Read through the data and report every line in which the word "wearing" occurs.

DATA PROVIDED:

◇ ◇ ◇ ◇

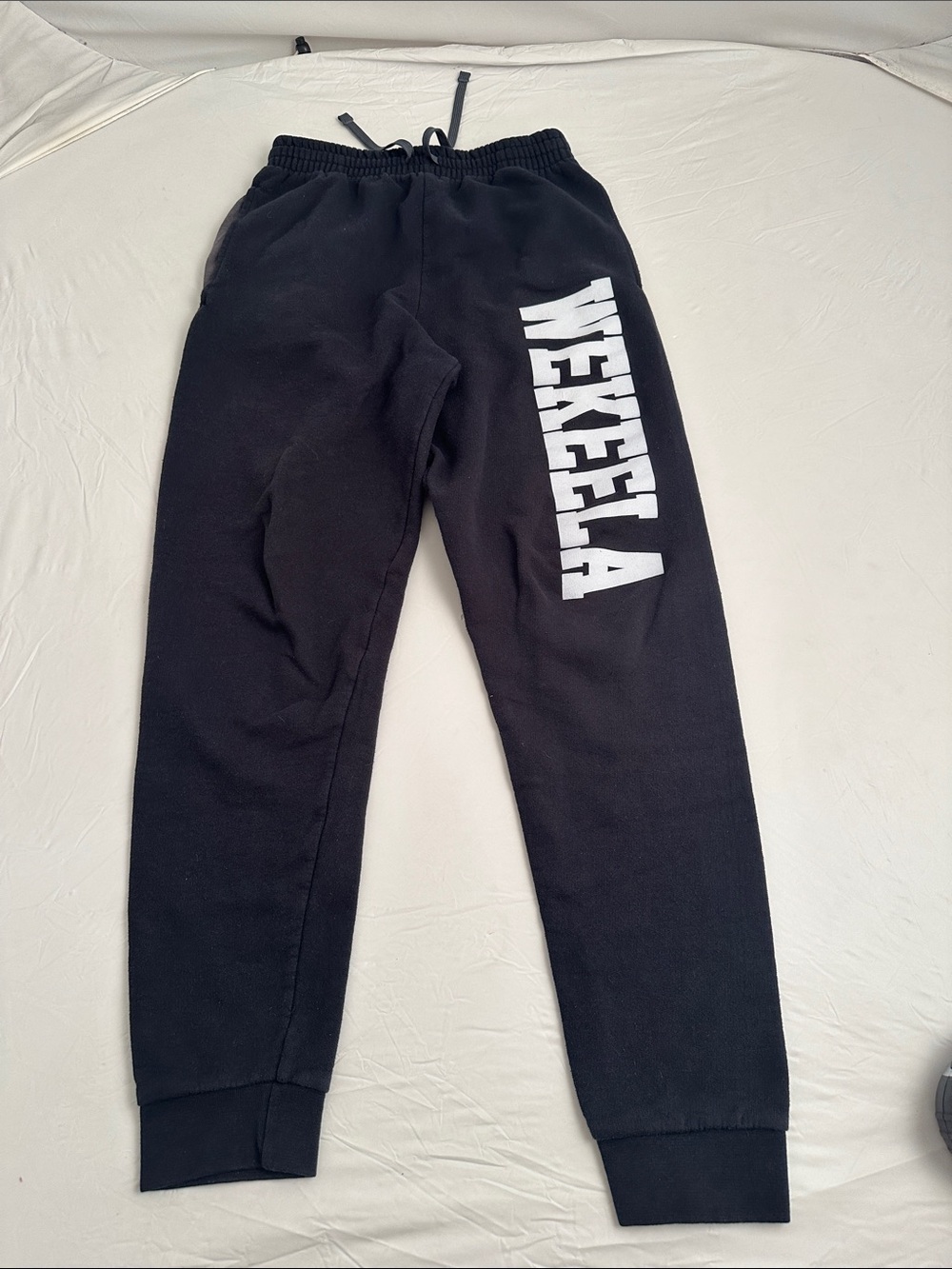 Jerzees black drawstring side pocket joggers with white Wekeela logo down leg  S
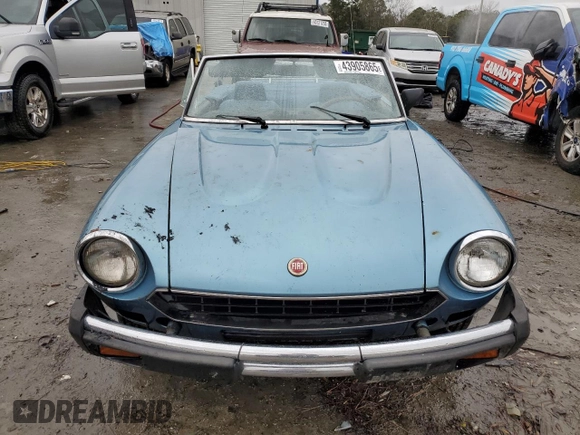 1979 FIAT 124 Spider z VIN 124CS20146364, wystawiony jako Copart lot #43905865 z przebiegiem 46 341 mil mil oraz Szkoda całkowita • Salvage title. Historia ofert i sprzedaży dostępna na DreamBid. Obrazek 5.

◇ ◇ ◇ ◇

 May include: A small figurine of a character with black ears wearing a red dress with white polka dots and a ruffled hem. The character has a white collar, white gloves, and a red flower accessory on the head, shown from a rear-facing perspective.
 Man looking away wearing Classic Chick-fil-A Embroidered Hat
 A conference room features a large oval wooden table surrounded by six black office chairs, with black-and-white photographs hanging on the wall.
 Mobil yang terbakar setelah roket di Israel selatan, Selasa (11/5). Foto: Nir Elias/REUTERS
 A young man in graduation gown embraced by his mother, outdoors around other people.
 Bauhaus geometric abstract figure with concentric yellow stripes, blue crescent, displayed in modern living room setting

◇ ◇ ◇ ◇

REPLY TO THE TASK:
 May include: A small figurine of a character with black ears wearing a red dress with white polka dots and a ruffled hem. The character has a white collar, white gloves, and a red flower accessory on the head, shown from a rear-facing perspective.
 Man looking away wearing Classic Chick-fil-A Embroidered Hat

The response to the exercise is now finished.